*Task requirements*
What are the lines of the listing below, word for word, from the first down to the one that contains "Moxy Istanbul Beyoglu ......"?
··· Task data ···
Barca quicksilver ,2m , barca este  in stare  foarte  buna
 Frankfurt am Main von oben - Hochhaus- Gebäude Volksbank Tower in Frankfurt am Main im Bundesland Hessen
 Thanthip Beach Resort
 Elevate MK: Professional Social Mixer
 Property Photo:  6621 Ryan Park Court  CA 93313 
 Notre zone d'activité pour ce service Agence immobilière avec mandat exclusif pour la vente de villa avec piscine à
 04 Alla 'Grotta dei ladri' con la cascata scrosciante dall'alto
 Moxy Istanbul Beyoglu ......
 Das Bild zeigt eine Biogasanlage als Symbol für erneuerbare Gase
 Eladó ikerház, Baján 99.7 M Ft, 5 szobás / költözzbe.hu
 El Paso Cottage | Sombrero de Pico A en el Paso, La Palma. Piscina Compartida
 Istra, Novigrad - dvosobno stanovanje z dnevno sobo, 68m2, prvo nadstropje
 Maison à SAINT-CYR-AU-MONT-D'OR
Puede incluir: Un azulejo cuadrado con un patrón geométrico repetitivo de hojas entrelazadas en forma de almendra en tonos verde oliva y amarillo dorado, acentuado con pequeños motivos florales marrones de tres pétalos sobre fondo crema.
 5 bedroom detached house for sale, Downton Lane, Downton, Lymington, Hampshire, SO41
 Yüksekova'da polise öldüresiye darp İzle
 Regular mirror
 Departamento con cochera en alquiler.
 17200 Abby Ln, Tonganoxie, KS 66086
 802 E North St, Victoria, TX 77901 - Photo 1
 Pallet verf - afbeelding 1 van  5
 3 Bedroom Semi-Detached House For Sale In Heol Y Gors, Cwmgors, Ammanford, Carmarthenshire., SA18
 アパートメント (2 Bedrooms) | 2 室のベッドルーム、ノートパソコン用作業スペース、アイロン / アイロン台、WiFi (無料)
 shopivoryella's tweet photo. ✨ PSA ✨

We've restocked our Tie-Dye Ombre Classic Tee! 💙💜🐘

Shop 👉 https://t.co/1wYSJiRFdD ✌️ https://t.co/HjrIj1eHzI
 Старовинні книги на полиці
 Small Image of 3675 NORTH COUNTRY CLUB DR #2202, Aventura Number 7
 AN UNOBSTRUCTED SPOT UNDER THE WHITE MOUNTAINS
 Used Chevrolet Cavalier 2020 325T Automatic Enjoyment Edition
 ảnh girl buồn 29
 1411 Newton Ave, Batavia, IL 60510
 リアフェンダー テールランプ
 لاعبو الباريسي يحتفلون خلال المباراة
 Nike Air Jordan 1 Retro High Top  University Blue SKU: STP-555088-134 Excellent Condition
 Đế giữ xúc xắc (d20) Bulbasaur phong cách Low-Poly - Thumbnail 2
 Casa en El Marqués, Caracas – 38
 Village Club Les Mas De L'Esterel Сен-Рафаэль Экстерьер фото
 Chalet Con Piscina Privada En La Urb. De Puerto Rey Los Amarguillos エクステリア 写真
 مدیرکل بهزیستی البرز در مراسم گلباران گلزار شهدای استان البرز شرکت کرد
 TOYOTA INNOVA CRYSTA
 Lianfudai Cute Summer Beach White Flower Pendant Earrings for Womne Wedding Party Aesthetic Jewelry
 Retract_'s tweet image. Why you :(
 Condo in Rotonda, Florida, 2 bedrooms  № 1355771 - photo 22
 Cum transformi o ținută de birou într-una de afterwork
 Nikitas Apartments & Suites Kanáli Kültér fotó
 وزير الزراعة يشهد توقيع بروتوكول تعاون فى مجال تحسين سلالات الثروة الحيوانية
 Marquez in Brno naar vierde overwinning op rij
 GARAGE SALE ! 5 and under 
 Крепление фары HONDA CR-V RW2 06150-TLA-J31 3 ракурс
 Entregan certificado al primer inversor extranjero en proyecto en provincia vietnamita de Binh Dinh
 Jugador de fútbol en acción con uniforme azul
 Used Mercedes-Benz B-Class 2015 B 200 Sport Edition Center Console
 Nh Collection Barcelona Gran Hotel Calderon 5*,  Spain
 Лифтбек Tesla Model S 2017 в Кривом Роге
···
*Problem solution*
Barca quicksilver ,2m , barca este  in stare  foarte  buna
 Frankfurt am Main von oben - Hochhaus- Gebäude Volksbank Tower in Frankfurt am Main im Bundesland Hessen
 Thanthip Beach Resort
 Elevate MK: Professional Social Mixer
 Property Photo:  6621 Ryan Park Court  CA 93313 
 Notre zone d'activité pour ce service Agence immobilière avec mandat exclusif pour la vente de villa avec piscine à
 04 Alla 'Grotta dei ladri' con la cascata scrosciante dall'alto
 Moxy Istanbul Beyoglu ......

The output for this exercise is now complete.